The spot they dreamed of was on the Clearwater downtown bayfront, where the former Maas Brothers department store stood. The city of Clearwater had purchased the aging store and 3.8 acres of land overlooking Clearwater Harbor, and the city was interested in selling about half the property — just the land on which the old store sat — for $750,000 to the art center, which changed its name to the Florida Gulf Coast Art Center.
The art community was excited, and so were city officials, who envisioned a busy art center and museum on the highly visible corner overlooking a planned expansion of Coachman Park. Art center officials planned to tear down the monolithic Maas building and build a new $7 million facility with underground parking, studios and classrooms, exhibition galleries, a museum store and a 500-seat community room. They promised to sponsor art festivals that would spill into the park, and evening events that would bring people downtown.
In a 1992 referendum, Clearwater voters said no.
A group called Save the Bayfront campaigned against the plan, and one of its leaders, Fred Thomas, funded a mailing to residents that said city officials were attempting to "Give Away the Bayfront!" The sale to the art center was defeated by more than 2,000 votes.
Spurned by Clearwater residents, the Florida Gulf Coast Art Center began a search for other locations. They considered locating in what was then being developed as Largo Central Park. Today, of course, that park is a beautiful centerpiece of Largo, and big crowds attend events held there.
But instead of Largo Central Park, the art center officials chose to build the new Gulf Coast Museum of Art on a wooded county-owned site off Walsingham Road west of Largo. Some questioned the out-of-the-way location, but then-director Ken Rollins knew the county planned several facilities nearby, including a botanical garden and expansions of Heritage Park and Walsingham Park. He was optimistic when the museum opened in 1999, believing people would find it.
But not enough of them did, and last summer, as financial challenges were magnified by the declining economy, the museum board began planning to move to a more visible location, hoping to attract more attention, visitors and donations.
They were negotiating to build a new museum on Clearwater's Cleveland Street, and even had hope of some limited financial assistance from the city. But the deal hinged on the county buying the museum's buildings, or at least allowing the museum to sell or sublet its buildings to someone else. The county said it didn't have the money to buy the buildings, and it refused to change the lease terms to allow the museum to sell or lease to someone else.
On Monday, museum officials pulled the plug. They closed the museum and announced that its collection would be donated to other accredited museums.

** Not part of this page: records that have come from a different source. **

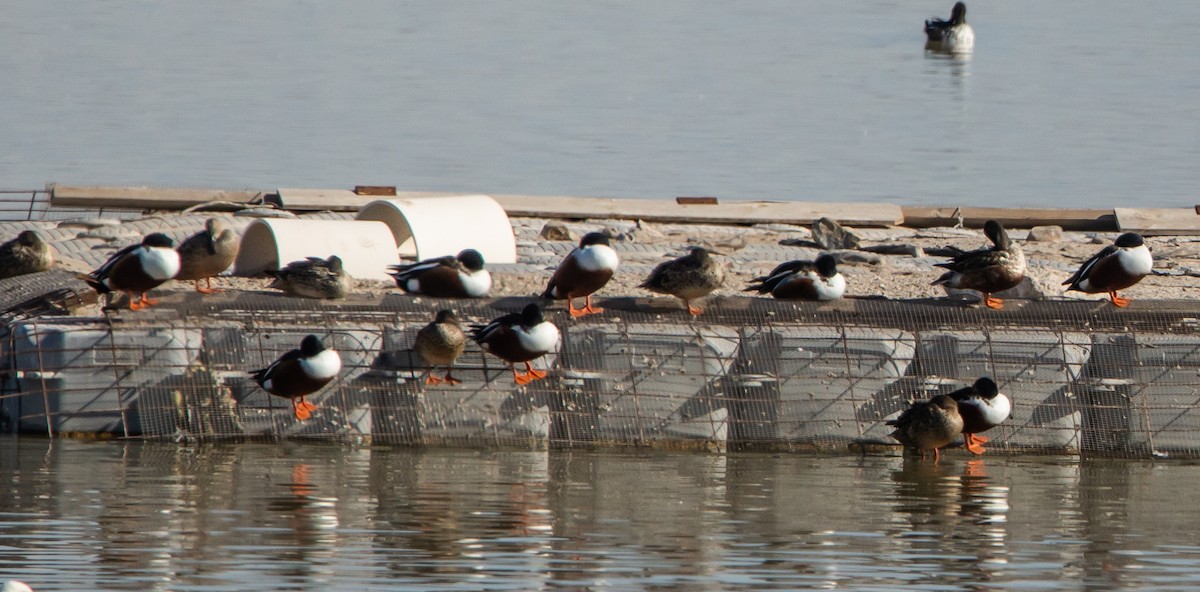 Northern Shoveler - ML513765871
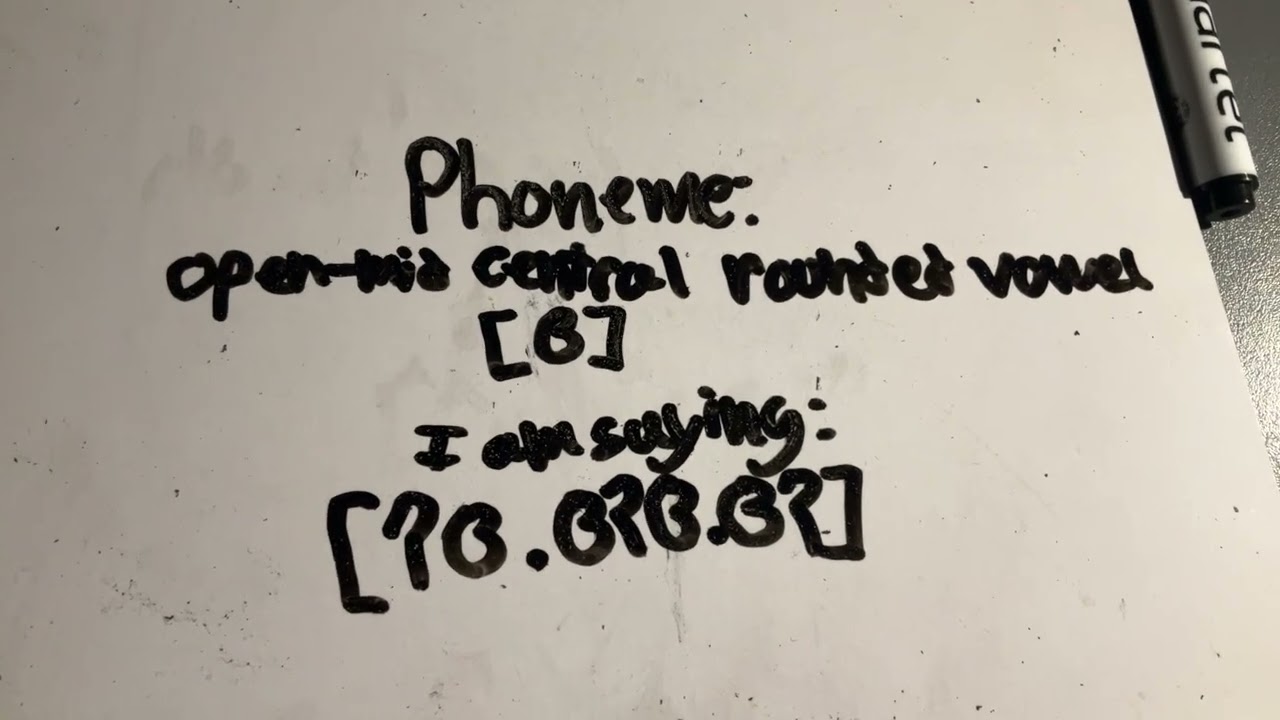 [ɞ] open-mid central rounded vowel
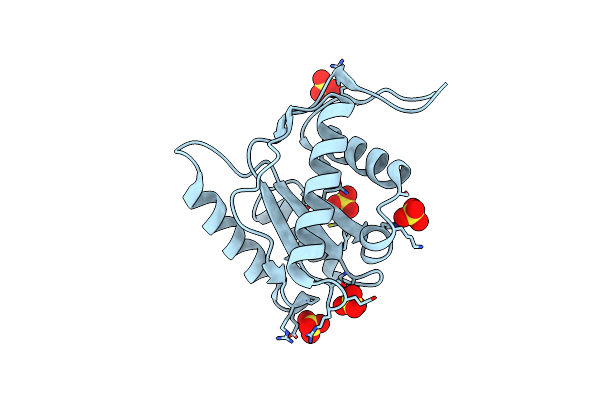 3VNA image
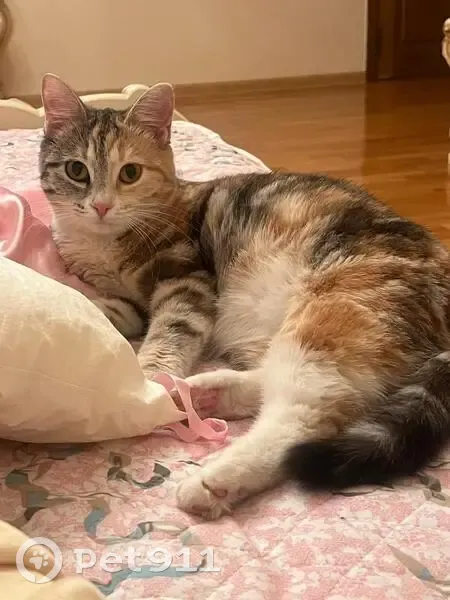 Пропала кошка, Красноярск, 3-я Дальневосточная - photo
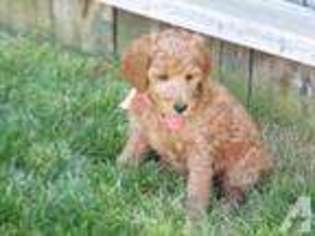 Mutt Puppy for sale in HOLLISTER, ID, USA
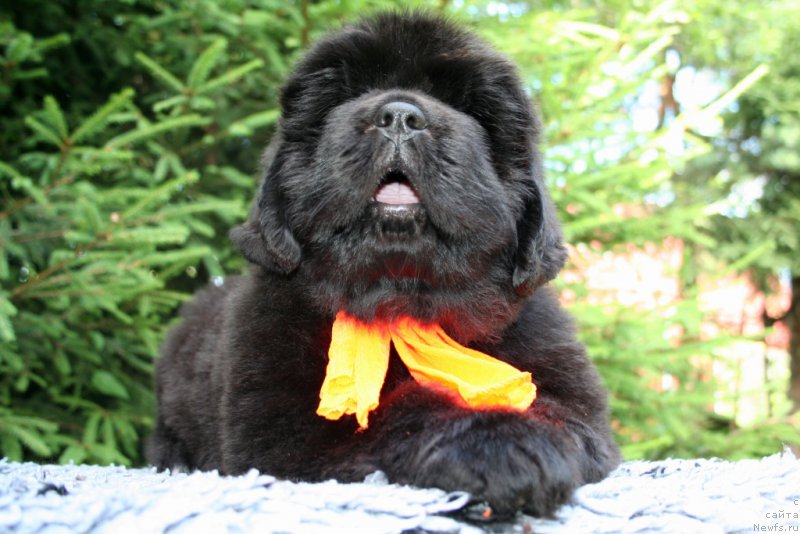 Фотография № 159066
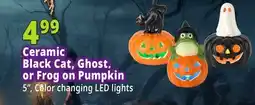 Ocean State Job Lot Ceramic Black Cat, Ghost, or Frog on Pumpkin offer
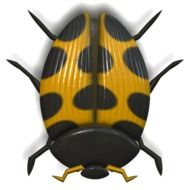 Black and yellow ladybug on white background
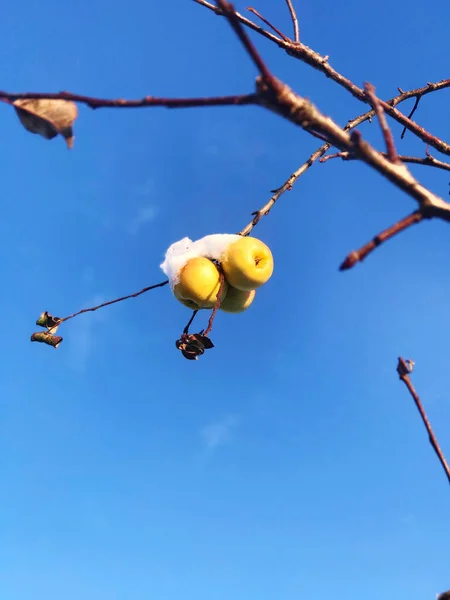 Żółte Jabłka Pokryte Pierwszym Śniegiem Wiszącym Drzewie — Zdjęcie stockowe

Millions of dollars were donated to build the museum. Now, its doors will be locked. The classrooms will be empty. Nothing will hang on the walls of the galleries. The polished floors will collect dust and there will be no echo of footsteps in the hallways.
The county and museum officials ought to talk about a way the public can utilize at least the classroom space at the museum — perhaps for classes taught by the nearby Pinellas County Extension Service or St. Petersburg College.
The demise of the Gulf Coast Museum of Art is one more indication that though the nation's economy will improve someday, many impacts of the current crisis will be permanent.